Anyway he came in with his application form for a bus pass. I recogmised his ugly mug and alerted manager who got the director of student services in who in turn kicked the beast out. Apparently he was suspended from college already. we only started th new term 10 days ago. holy shit. I was rightly kept in the backroom til the monster was haulded out. Ok i could have a go at the beast if i had too in self defence but i'm not fucking things up just before i go to Mexico.
i'll be leaving work on oct 7th. my work mates want me to come back on the 11th for frewell in the locl pub. am a bit scared about what will happen to me. they are nuts.
anyway, its been a lovely sunny day. weekend went too fast, cant believe work is tommrw. mustering up the motivation is difficult at this stage. need a break, need some fun in the sun
September 04, 2005
Ok, heres a copy paste of an email which sums up the weekend. Its a bit messy and grammatical shit. enjoy
hehe, funny tale fredy, still on top form when it comes to fuck ups.
speaking of fucking up, me, roger -who seems to be absent from these 'group' emails- and muppet man tried to call your sorry excuse for a human being while polishing off a bottle of whiskey yesterday. anyway we left a little greeting for you on the answer machine. plenty of totty about the place yesterday. i'm just starting to feel a little agitated by the lack of humping action considering the talent around.
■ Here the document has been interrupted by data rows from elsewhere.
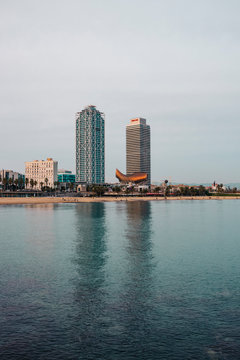 BARCELONA, SPAIN - JANUARY 3, 2020: Twin towers of Torre Mapfre in the afternoon . Mediterranean Coast, Vila Ol&iacute;mpica del Poblenou in Barcelona, Spain.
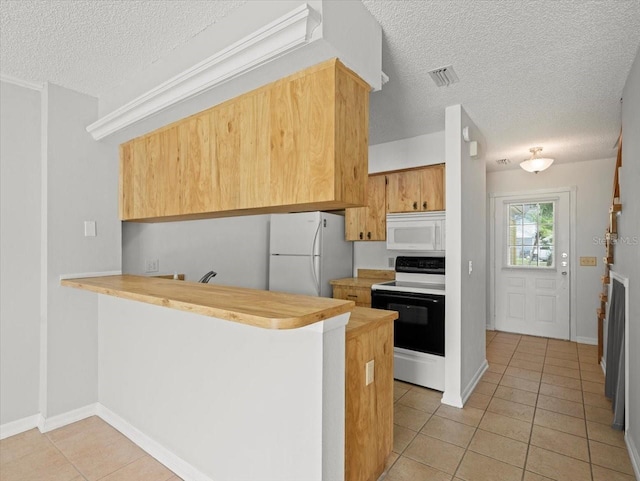 6114 Oak Cluster Cir, Tampa, FL 33634 - kitchen with white appliances, a textured ceiling, light tile patterned floors, a peninsula, and wood counters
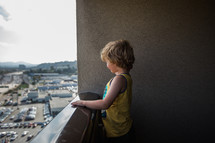 child looking over a balcony 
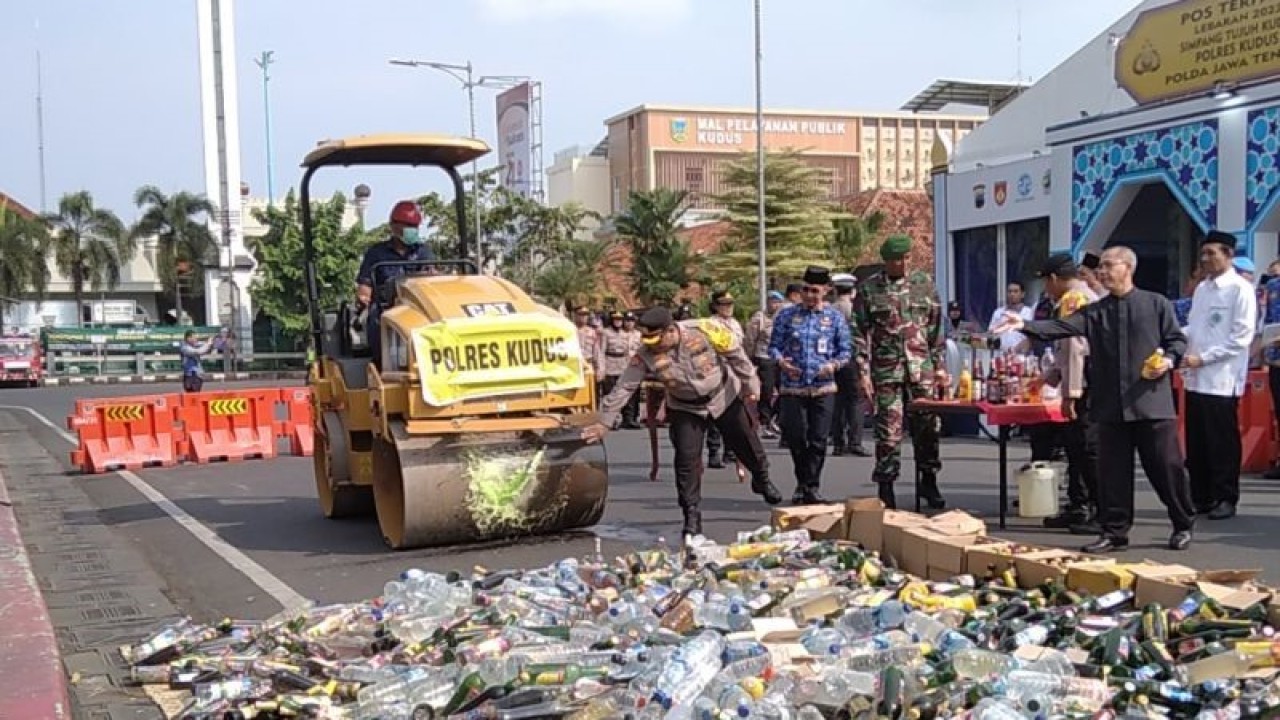 Kapolres Kudus AKBP Dydit Dwi Susanto memecahkan botol minuman keras ke kereta penghalus jalan di Alun-alun Kudus, Jawa Tengah, Senin (17/4/2023). ANTARA/Akhmad Nazaruddin Lathif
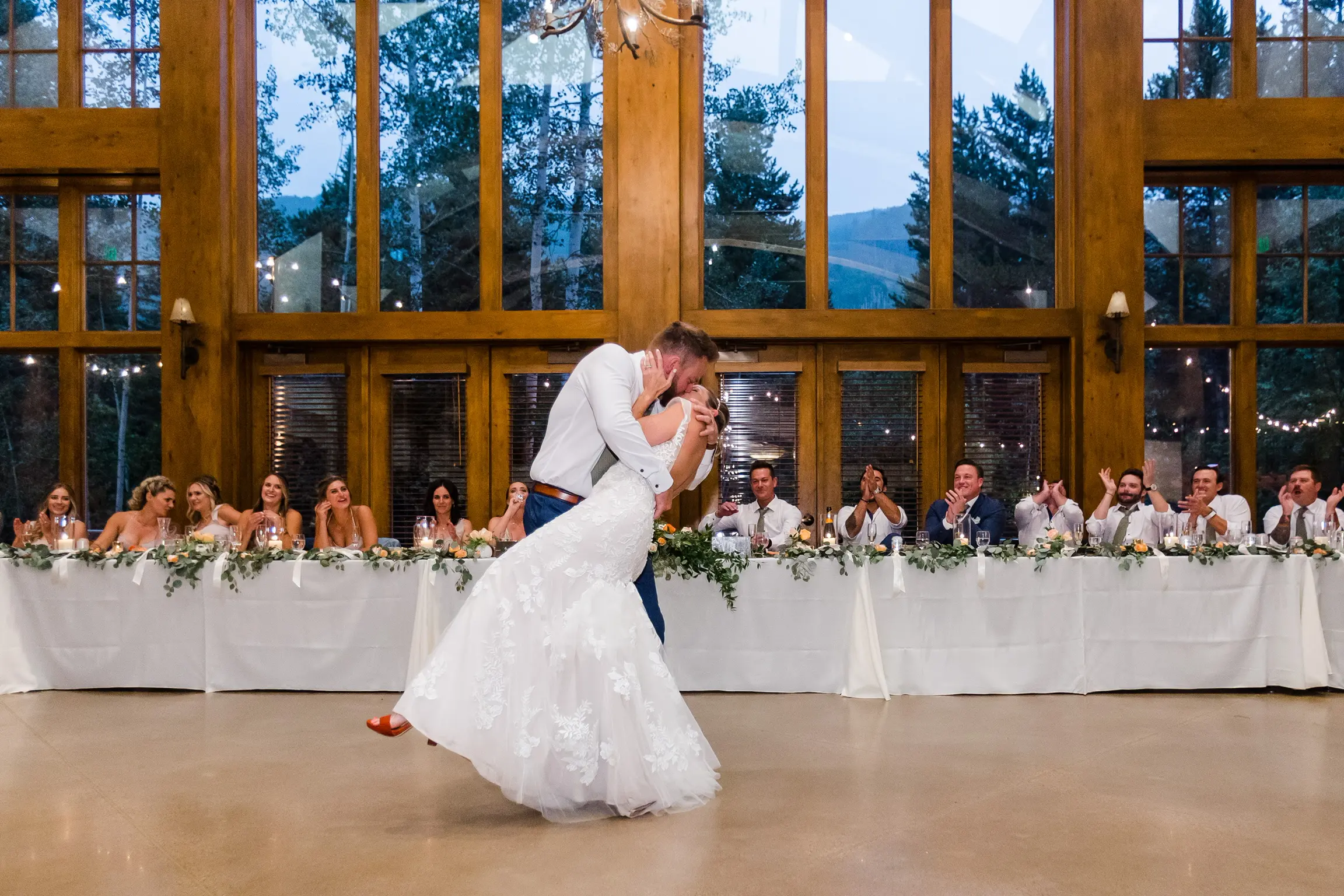 Groom dipping his bride during their first dance as a married couple.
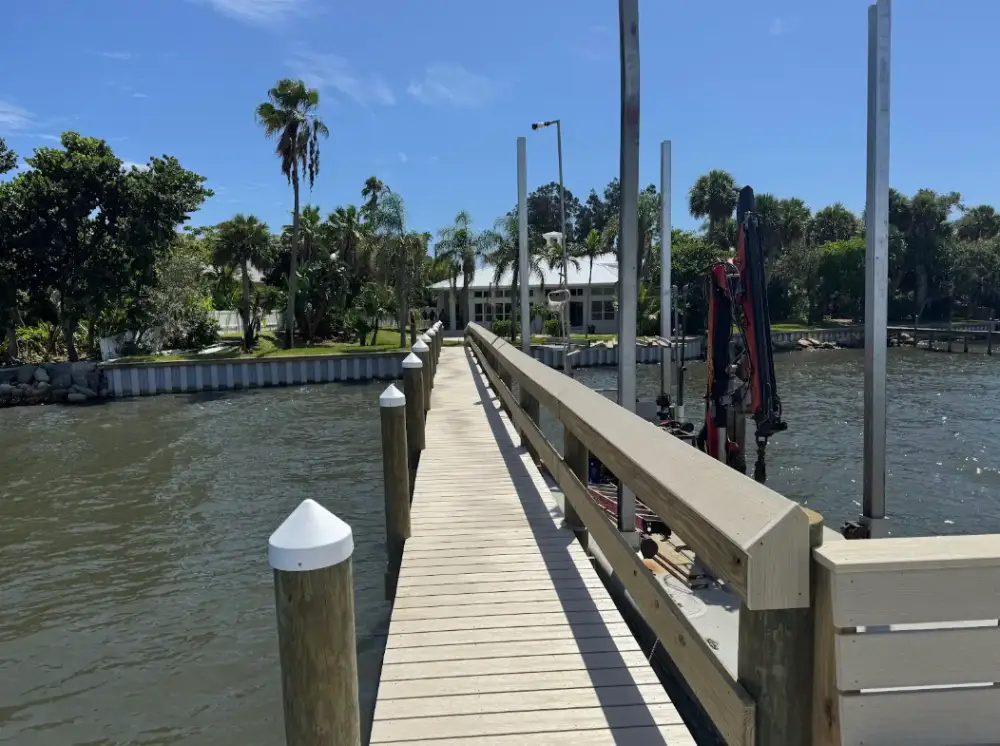 Wooden dock pilings installed by DC Marine Construction in Melbourne, FL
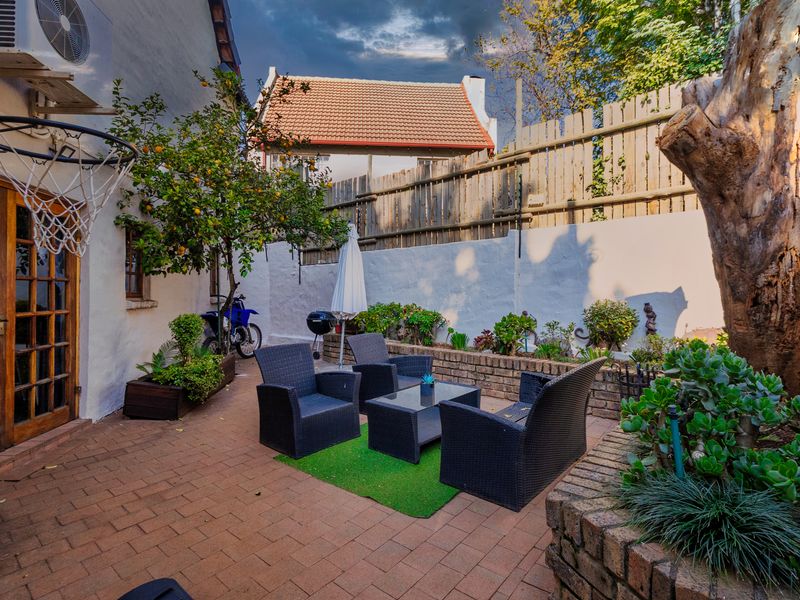 A private paved patio area featuring raised brick planter beds, a timber boundary fence, and direct access to the home through timber-framed glass doors.
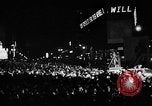 Image of Election returns showing in lights on Times Building New York City USA, 1940, second 27 stock footage video 65675050196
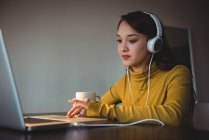 Woman listening to headphones while using laptop in study room at home — Stock Photo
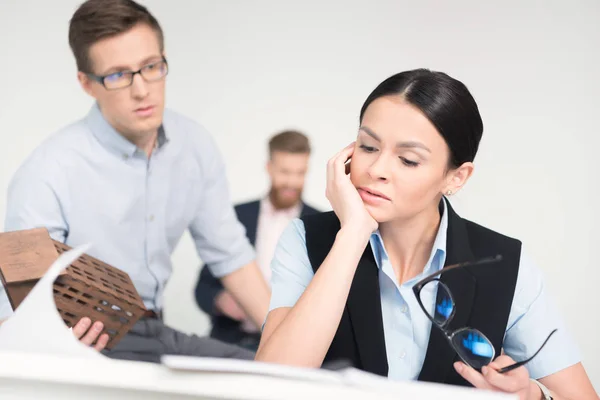 Tired young businesswoman — Stock Photo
we went to west hampstead to the czech pub and watched slovakia beat the kruats. i was quite off my trolley by the end of it all and found the fact that czech rep lost to romania quite funny. not a good idea seeing that i was in a czech pub. anyway, off i went. as i was on my merry way home i passed some teeenagers and feeling horny went over for a 'chat'. 3 guys, 3 girls about 16, ohh i hear fredy muttering something like ' deja-vu chuky?' under his breath. anyway after drinking their plastic bottle of vodka mixed with orange i departed but not after gropping the chicks a few times, not to the amusment of their twat boyfriends. i asked one of the girls for an arm wrestle after complimenting her boyfriend on how a 16 year old can be more built than the chukster. any excuse to get the physical contact going. she was up for a bit of rumpy pumy if you know what i mean. but like the fredster i guess brewers droop would have let me down before her boyfriend interviened.
anyway, the fact that im 24 carried me through in perverse manner without any hick ups or black eyes. i departed in the opposite direction to where my house was in the fear that they would follow me home.
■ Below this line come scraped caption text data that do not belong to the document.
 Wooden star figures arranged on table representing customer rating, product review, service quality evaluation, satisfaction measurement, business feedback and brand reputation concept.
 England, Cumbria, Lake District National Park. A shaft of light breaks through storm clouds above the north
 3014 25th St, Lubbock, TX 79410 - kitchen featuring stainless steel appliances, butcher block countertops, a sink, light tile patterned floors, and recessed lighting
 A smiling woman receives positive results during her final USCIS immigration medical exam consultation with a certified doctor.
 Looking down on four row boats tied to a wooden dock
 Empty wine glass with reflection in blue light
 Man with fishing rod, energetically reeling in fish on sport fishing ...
that was my weekend. how was yours? weekend is over soooo quick. hope u all fine. nice speaking to u larry. i could barely hear you but im sure you whispered sweet nothings to me. errr, fredd, drama school old boy!! good one. tell us more about that, sounds interesting. a meeting sometime soon?
alright, laters fuckers
September 02, 2005
New orleans is under water and people have been stranded in the city for 5 days now. Th US government apparently has too many troops in Iraq to be able to send sufficient numbers to Louisiana to help out. People gotta eat and drink and they are taking to the stores. Some are helping themselves to a bit more than groceries. The whole episode is shocking. Huricane Katrina has sunk a major US city and spat in the face of a not very environmentaly friendly G W Bush and many innocent people. The city wasn't well prepared. It defenses were not looked after. The war on terrior took first prioity. Other communities got battered. Mississippi got shook too. The waters have disappered. But the waters covering 80% of New Orleans havn't. The pumping system doesn't exist anymore to ride the city of the contaminated water.
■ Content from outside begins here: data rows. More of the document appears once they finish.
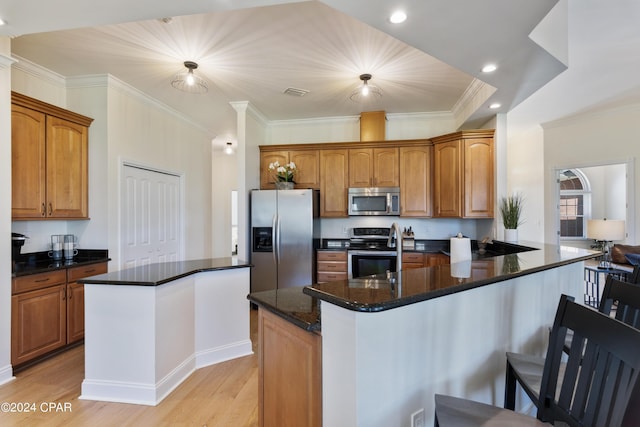 kitchen featuring dark stone counters, a center island with sink, light wood-type flooring, and appliances with stainless steel finishes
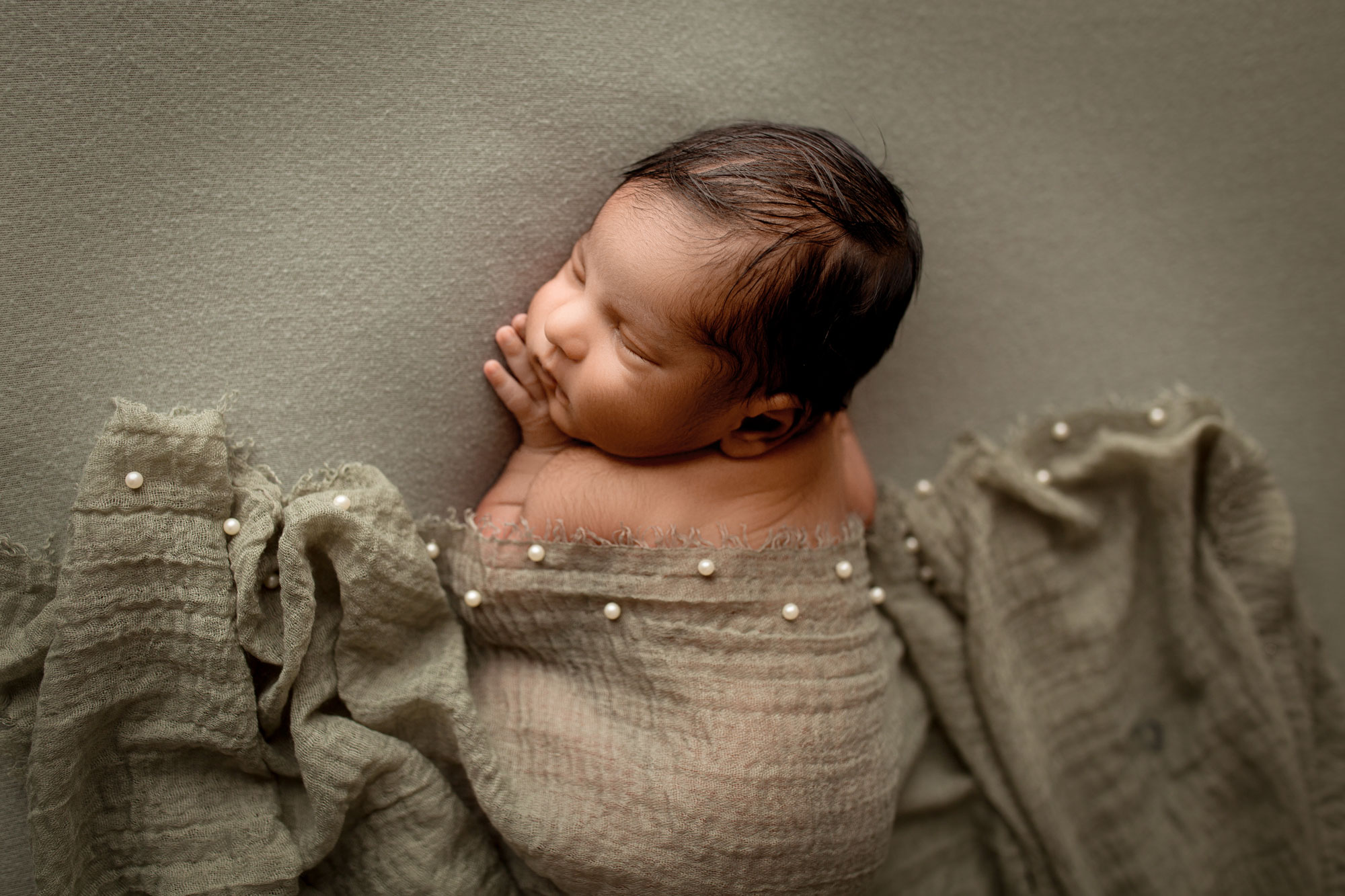 baby boy sleeping a sage colored fabric Somerset county NJ newborn photo session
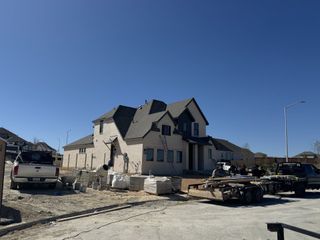 Street view A modern brick home under construction in Homestead by Highland Homes (Schertz, TX).
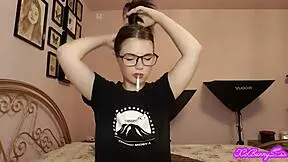 Hot brunette Romanian smoking wearing glasses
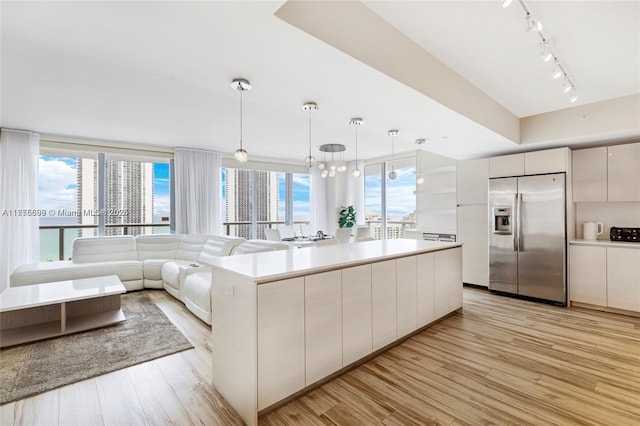 kitchen with light wood-style floors, light countertops, stainless steel refrigerator with ice dispenser, and modern cabinets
5 days and people are still stranded in the stadium. Its a terrible week for the people living at the edges of Lake Pontchartrain.
Also in the news, a scientist reckons that BSE was transfered to cows because of the river Ganges. See, the Indians like to do everything in this river, from bath, wash, shit and bury their dead. India exports animal feed to the UK. This feed is made from plenty of crap. In it are animal bones, asses, eyes and they reckon human bones recovered from the Ganges. This is how it got transfered to the cow. Crazy shit ehhh?
Ok, what else is new. I was in Cardiff last weekend. Was good. Took the train up but was delayed after someone decided to top themselves at Acton tube station.
Kyrkausuraus rex also ventured out and back to the Welsh Capital.
So me, W, Press and Fergal were back sitting in a Pub for the first time since Spring '04. We made a pit stop visit to Fergs were the mess was hurried into Fergs bedroom and out again before anyone knew he was there. Stresshead then marched us off to town, I think to Edwards first. Press went off somewhere. We had to check in at the Kings X to see if Gordon John was playing. To our amusement he is due in London on a gig in a week. Hehe. GORDON JOHN!!!
We made for Press who was busking. He gave us a far from excellent rendition of ' Seaseme Street' and 'Baywatch'. The W daashed off for the train to my disappointment -something to do with Fergs not wanting to bring back a bunch of circus feaks to the house, i guess, though Theresa seems chilled and Rob might already be so far up his own backside to give a dam how weird Fergals friends are. Anyway, the guys were kind enough to let me a K stay. We went to the Yard. It is simply wonderful. Like a contenential arena. Outdoor drinking. Very pleasant.
Here the rex and Das PVC Mitch on the way to Mitch crib.
Fergal likes to bring a copy of Saturdays, or anydays, Guardian out drinking. I'm not the only one that found that amusing. Some tart picked up on Kyrkos reading and asked why he was reading the paper. WEll, why not? Is there some ritual that you have to adehere to when you go out. I suppose if your a Victoia beckham type like this slapper there is. She asked for the stars. Enough said.
Next stop either, Moloko or somewere else. Can't remember where we had planned because by now I was well topped up. I remember hitting the dance floor immeditely and grabbing two adventureous dancing girls. Very soon after one jumped on me. After a long game of tonsel tennis and dirty dancing I was left to my own devises. I had run out of steam. Kyrkos had ventured off long ago for a platter or kebab or something.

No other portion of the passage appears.